Der Abgeordnete Andrej Hunko (Linke) forderte EU-Kommissionspräsidentin Ursula von der Leyen auf, sich dafür einsetzen, dass Einsätze in der libyschen Seenotrettungszone künftig wieder aus Italien koordiniert werden. Dies sei ohne weiteres möglich, wenn die libysche Regierung hierzu ihr Einverständnis gebe. «Dies ist umso dringlicher, da die libysche Küstenwache wegen des Bürgerkriegs nur noch in Ausnahmen einsatzfähig ist», mahnte Hunko.

Aktuell bewegten sich Kapitäne von privaten Schiffen unter deutscher Flagge im Seegebiet nördlich von Libyen bei der Seenotrettung von Geflüchteten in einer Art Grauzone, stellte der Wissenschaftliche Dienst fest. Sie müssten einerseits gemäß der Verordnung über die Sicherung der Seefahrt den Anweisungen der jeweils zuständigen Seenotrettungsleitstelle Folge leisten.

Andererseits sei fraglich, inwieweit die Verpflichtung, Gerettete in einen sicheren Hafen zu bringen, wo auch Nahrung und medizinische Versorgung gewährleistet sind, bei einer erzwungenen Rückkehr der Migranten nach Libyen als erfüllt angesehen werden könne. Bei einer Rücküberführung in Staaten wie Tunesien oder Marokko, wo auch Schmugglerboote starten, sei die Lage weniger eindeutig als im Falle Libyens.
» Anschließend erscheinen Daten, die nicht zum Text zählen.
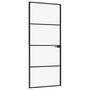 Voir la diapositive 2 : VIDAXL Porte d'interieur Noir 83x201,5 cm Trempe verre aluminium fin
Nach UN-Angaben fanden im vergangenen Jahr 1327 Menschen den Tod bei der Flucht über das Mittelmeer oder sind vermisst. Die wichtigsten Routen der Schlepperboote führen von der Türkei auf die griechischen Inseln, von Libyen Richtung Italien oder Malta, sowie von Tunesien nach Italien und von Marokko nach Spanien. In einzelnen Fällen ist es auch schon vorgekommen, dass aus Seenot gerettete Migranten die Besatzung des aufnehmenden Schiffes daran gehindert haben, sie nach Libyen zurückzubringen.